Records from a collection
+-------+

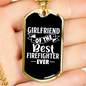Girlfriend Of Best Firefighter Gift Stainless Steel or 18k Gold Dog Tag 24" Chain-Express Your Love Gifts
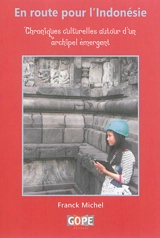En route pour l'Indonésie : chroniques culturelles autour d'un archipel émergent - Franck Michel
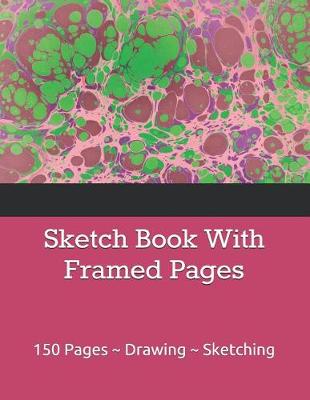 Book cover for Sketch Book With Framed Pages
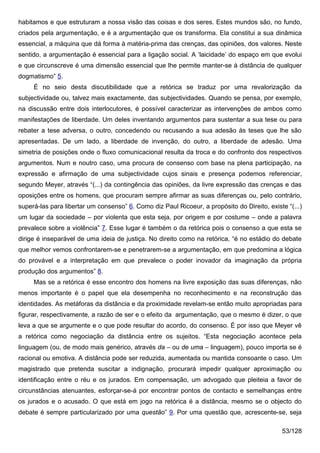 habitamos e que estruturam a nossa visão das coisas e dos seres. Estes mundos são, no fundo,
criados pela argumentação, e é a argumentação que os transforma. Ela constitui a sua dinâmica
essencial, a máquina que dá forma à matéria-prima das crenças, das opiniões, dos valores. Neste
sentido, a argumentação é essencial para a ligação social. A ‘laicidade’ do espaço em que evolui
e que circunscreve é uma dimensão essencial que lhe permite manter-se à distância de qualquer
dogmatismo” 5.
     É no seio desta discutibilidade que a retórica se traduz por uma revalorização da
subjectividade ou, talvez mais exactamente, das subjectividades. Quando se pensa, por exemplo,
na discussão entre dois interlocutores, é possível caracterizar as intervenções de ambos como
manifestações de liberdade. Um deles inventando argumentos para sustentar a sua tese ou para
rebater a tese adversa, o outro, concedendo ou recusando a sua adesão às teses que lhe são
apresentadas. De um lado, a liberdade de invenção, do outro, a liberdade de adesão. Uma
simetria de posições onde o fluxo comunicacional resulta da troca e do confronto dos respectivos
argumentos. Num e noutro caso, uma procura de consenso com base na plena participação, na
expressão e afirmação de uma subjectividade cujos sinais e presença podemos referenciar,
segundo Meyer, através “(...) da contingência das opiniões, da livre expressão das crenças e das
oposições entre os homens, que procuram sempre afirmar as suas diferenças ou, pelo contrário,
superá-las para libertar um consenso” 6. Como diz Paul Ricoeur, a propósito do Direito, existe “(...)
um lugar da sociedade – por violenta que esta seja, por origem e por costume – onde a palavra
prevalece sobre a violência” 7. Esse lugar é também o da retórica pois o consenso a que esta se
dirige é inseparável de uma ideia de justiça. No direito como na retórica, “é no estádio do debate
que melhor vemos confrontarem-se e penetrarem-se a argumentação, em que predomina a lógica
do provável e a interpretação em que prevalece o poder inovador da imaginação da própria
produção dos argumentos” 8.
     Mas se a retórica é esse encontro dos homens na livre exposição das suas diferenças, não
menos importante é o papel que ela desempenha no reconhecimento e na reconstrução das
identidades. As metáforas da distância e da proximidade revelam-se então muito apropriadas para
figurar, respectivamente, a razão de ser e o efeito da argumentação, que o mesmo é dizer, o que
leva a que se argumente e o que pode resultar do acordo, do consenso. É por isso que Meyer vê
a retórica como negociação da distância entre os sujeitos. “Esta negociação acontece pela
linguagem (ou, de modo mais genérico, através da – ou de uma – linguagem), pouco importa se é
racional ou emotiva. A distância pode ser reduzida, aumentada ou mantida consoante o caso. Um
magistrado que pretenda suscitar a indignação, procurará impedir qualquer aproximação ou
identificação entre o réu e os jurados. Em compensação, um advogado que pleiteia a favor de
circunstâncias atenuantes, esforçar-se-á por encontrar pontos de contacto e semelhanças entre
os jurados e o acusado. O que está em jogo na retórica é a distância, mesmo se o objecto do
debate é sempre particularizado por uma questão” 9. Por uma questão que, acrescente-se, seja

                                                                                             53/128
 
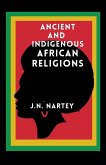 Ancient And Indigenous African Religions Ancient And Indigenous African Religions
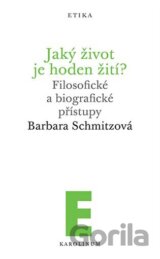 Jaký život je hoden žití?
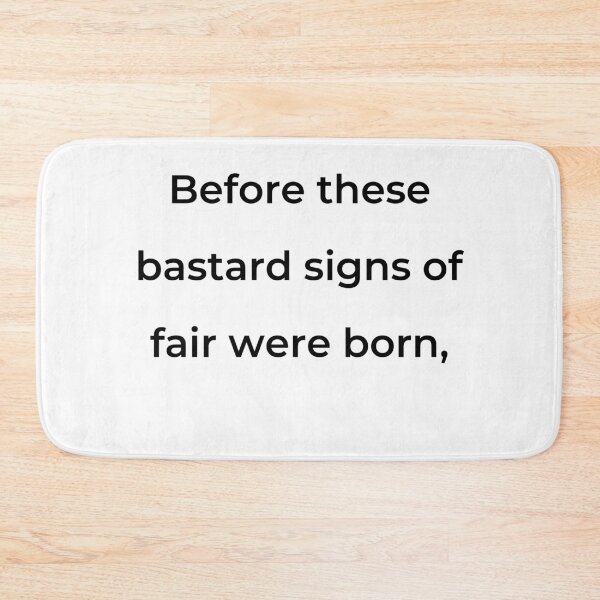 Item preview, “Before these bastard signs of fair were born,” - print black designed and sold by ariksworld.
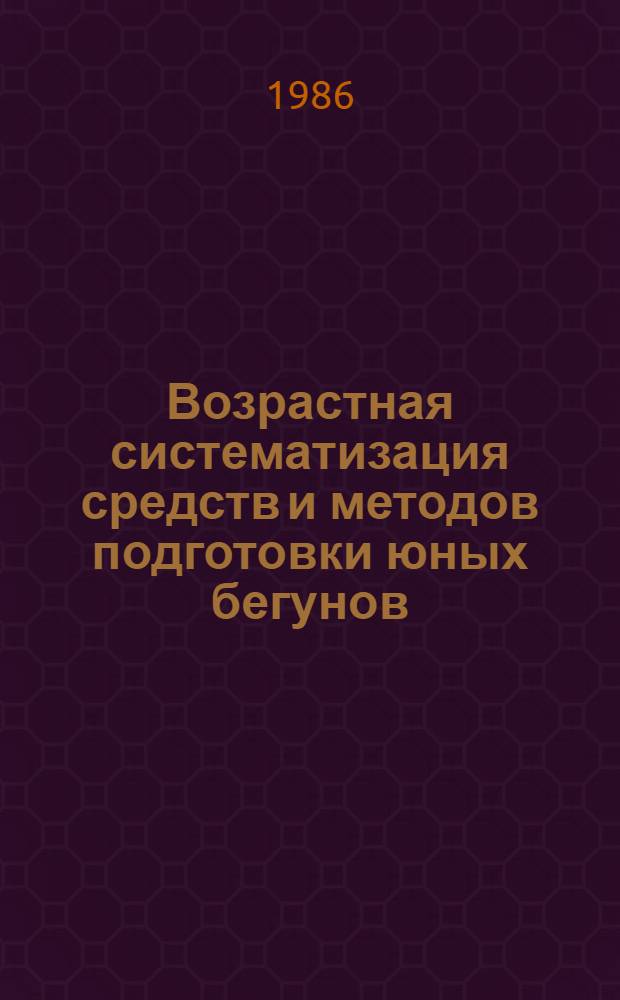 Возрастная систематизация средств и методов подготовки юных бегунов : (Сред. и длин. дистанции) : Метод. разраб. для слушателей фак. повышения квалификации, Высш. шк. тренеров и студентов ГЦОЛИФКа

+-------+

■ Task statement
The lines above from the one with "oposições entre os" through the one with "leva a que se" are to be duplicated exactly, ends included, with nothing added.

■ Answer to this task
oposições entre os homens, que procuram sempre afirmar as suas diferenças ou, pelo contrário,
superá-las para libertar um consenso” 6. Como diz Paul Ricoeur, a propósito do Direito, existe “(...)
um lugar da sociedade – por violenta que esta seja, por origem e por costume – onde a palavra
prevalece sobre a violência” 7. Esse lugar é também o da retórica pois o consenso a que esta se
dirige é inseparável de uma ideia de justiça. No direito como na retórica, “é no estádio do debate
que melhor vemos confrontarem-se e penetrarem-se a argumentação, em que predomina a lógica
do provável e a interpretação em que prevalece o poder inovador da imaginação da própria
produção dos argumentos” 8.
     Mas se a retórica é esse encontro dos homens na livre exposição das suas diferenças, não
menos importante é o papel que ela desempenha no reconhecimento e na reconstrução das
identidades. As metáforas da distância e da proximidade revelam-se então muito apropriadas para
figurar, respectivamente, a razão de ser e o efeito da argumentação, que o mesmo é dizer, o que
leva a que se argumente e o que pode resultar do acordo, do consenso. É por isso que Meyer vê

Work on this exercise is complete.